Дыбр о шёлковой шали
Friday, 24 September 2010 02:26![[personal profile]](https://www.dreamwidth.org/img/silk/identity/user.png)
Ещё до войны дед подарил бабушке белую шёлковую шаль. Кажется, на ней была какая-то белая вышивка - мама точно не помнит. Бабушка в этой шали пела со сцены, выступая в самодеятельности - голос у неё был красивый, сильное, хотя и резковатое сопрано.
Дедова война началась раньше 22 июня и кончилась позже 9 мая. В мае взяли его на какие-то сборы, и как раз в 20-х числах июня он должен был вернуться домой.
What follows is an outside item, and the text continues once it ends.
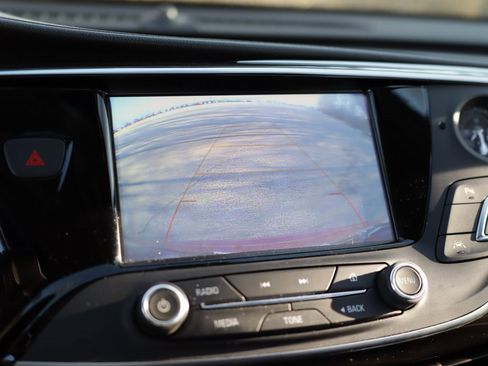 Used 2020 Buick Envision Premium image 15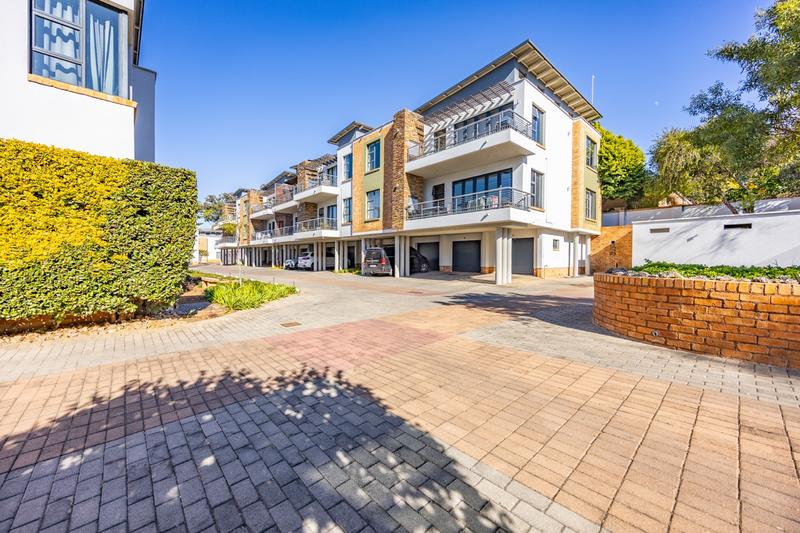 2 Bedroom Property for Sale in Hazelwood Gauteng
Но увы - 22 июня, ровно в четыре часа - и далее по тексту. Воевать деду пришлось на Дальнем Востоке, так что его к семье он возвратился уже в начале осени 1945 г. (капитуляция Японии, напоминаю, была подписана 2 сентября 1945 г.).
О том, как бабушка с двумя детьми - моей мамой и её младшим братом - жила в войну, я уже писала здесь не раз. После того, как она едва не отправилась на тот свет в 1943 г., работать на винзаводе, где она надорвала себе живот, она больше не могла. Она вообще, по словам мамы, работать не могла - ноги отекали, и поднимать тяжести ей тоже было категорически запрещено. Так как дедов офицерский аттестат у неё в то время отобрали, пока пропавший без вести прародитель не обнаружился, пришлось продавать вещи.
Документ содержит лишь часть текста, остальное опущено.